Viele Frauen aus den Reihen der FARC berichten mit Wehmut von der Guerilla. Männer und Frauen hatten die gleichen Aufgaben, als Frauen haben sie sich Respekt erkämpft. Elena ist 32 Jahre alt und ist an ihrem 18. Geburtstag der FARC beigetreten. In einer Fotogalerie im Lager ist auch sie zu sehen – bewaffnet und in Uniform. Hier hängen Bilder von Frauen. Man sieht sie bei der Ankunft in den Zonen, der Waffenabgabe und zu Veranstaltungen. Am 8. März, zum Internationalen Frauentag, gab es ein großes Fest.
Vielleicht brauchen die ehemaligen Kämpferinnen diese Prise Romantik in Anbetracht der Herausforderungen im zivilen Leben. Denn heute leben viele von ihnen in den klassischen Rollenmustern. Selbst Elena, die sich als Feministin beschreibt und im Gender-Komitee der FARC ist, macht den Haushalt allein. Warum? „Weil mein Mann auf dem Feld arbeitet und es mir leichterfällt.“ Sie kocht, wäscht und putzt und kümmert sich danach um die politische Arbeit. Allein das ist im Vergleich zum Rest des Landes schon ein Fortschritt.
Es gibt bisher kaum Beziehungen zwischen Ehemaligen und zivilen Männern. Die Männer außerhalb seien Machos, klagt Rita: „Ich habe doch nicht jahrzehntelang mein Leben riskiert, um jetzt einem Kerl seine Unterhose zu waschen.“ Aber genau das erwarten die meisten. Und auch die ehemaligen FARC-Kämpfer gewöhnen sich in den Beziehungen mit zivilen Frauen schnell wieder an den Machismo.

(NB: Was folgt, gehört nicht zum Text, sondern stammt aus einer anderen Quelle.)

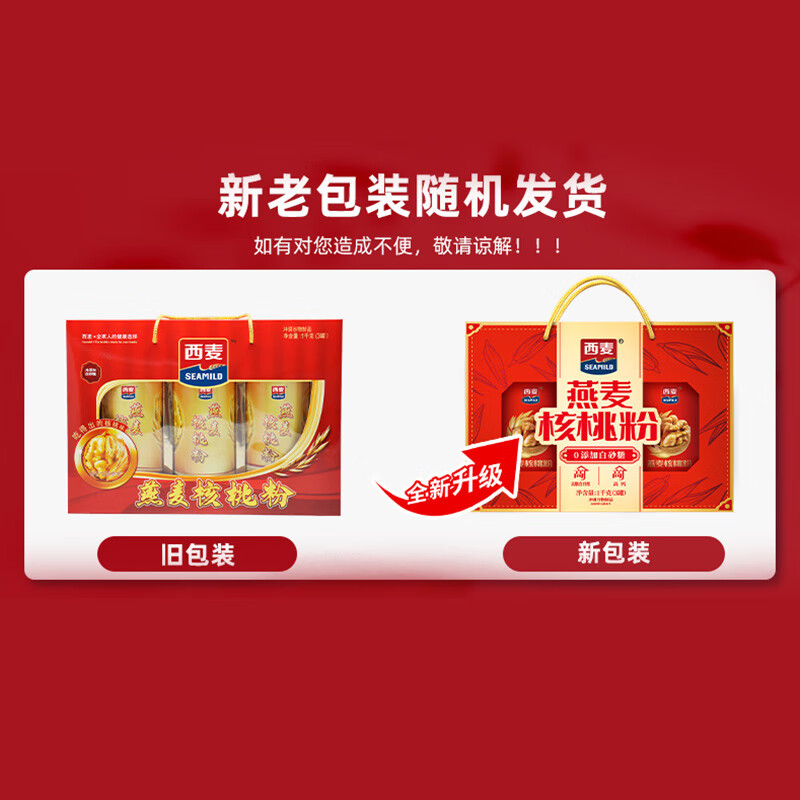 Seamild 西麦 燕麦核桃粉礼盒装 3桶/1000g 39.9元包邮 值值值-买手聚集的地方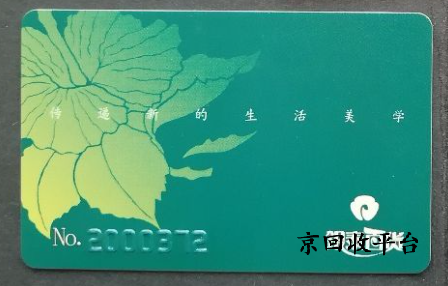  銀泰百貨卡回收價格多少？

„Ehemalige Guerilleros gelten als gute Beschützer und starke Typen. Uniformen machen sexy. Aber die Männer außerhalb haben vor Guerilleras Angst. Sie denken, wenn sie sich schlecht benehmen oder sich in eine andere verlieben, dann würden wir sie behandeln, wie Männer das tun würden“, sagt Rita. Männer haben also Angst vor Männlichkeit? So scheint es zu sein, das erklärt auch ein männlicher Genosse: „Die Zivilen haben Angst, dass die Ex-Kämpferin ihnen dann eine runterhaut oder Schlimmeres.“ Beziehungen sind auch in Kolumbien häufig gewaltvoll, dem entsprechen auch die Statistiken zu Feminiziden und sexualisierter Gewalt. Und Männer wollen auf das Recht des Stärkeren offenbar nicht verzichten, vermutet Elena.
Bewaffnet und geschminkt
Mehr als notwendig ist also die feministische Bewegung innerhalb der FARC. Auch die hat sich mit der Demobilisierung verändert. Für Rita bedeutet Feminismus, auch unter den Bedingungen des Krieges weiblich zu bleiben. „Wir waren Feministinnen, trotz Gleichheit und in Uniform haben wir unsere Weiblichkeit nicht verloren.“ Unterstützungsgruppen aus der Stadt haben sie sogar mit Kosmetik und Schmuck versorgt. „Damit wir zwischen den Aufgaben des Alltags und den Gefechten unsere feminine Art nicht aufgeben mussten“, erklärt sie. Und tatsächlich sind die schwer bewaffneten Frauen auf den Fotos außergewöhnlich gut gekleidet, geschminkt, haben die Haare zurechtgemacht, die Fingernägel lackiert.
In den Bergen waren Männer und Frauen in der Praxis gleichgestellt, aber es gab kaum Auseinandersetzungen mit feministischer Theorie. „Das hat erst während der Friedensverhandlungen angefangen“, erklärt Elena. So entstand der feminismo insurgente, der Guerillafeminismus. „Wir identifizieren uns mit den feministischen Theorien und fügen ihnen unsere Praxis hinzu.“ Daraus folgt für sie: Ohne Frauen wird es keinen Kampf gegen den Kapitalismus geben, denn das Patriarchat ist ein Teil dieses Systems. Weder der Körper der Frau noch das Land dürfen zu einem Territorium für Eroberungen werden.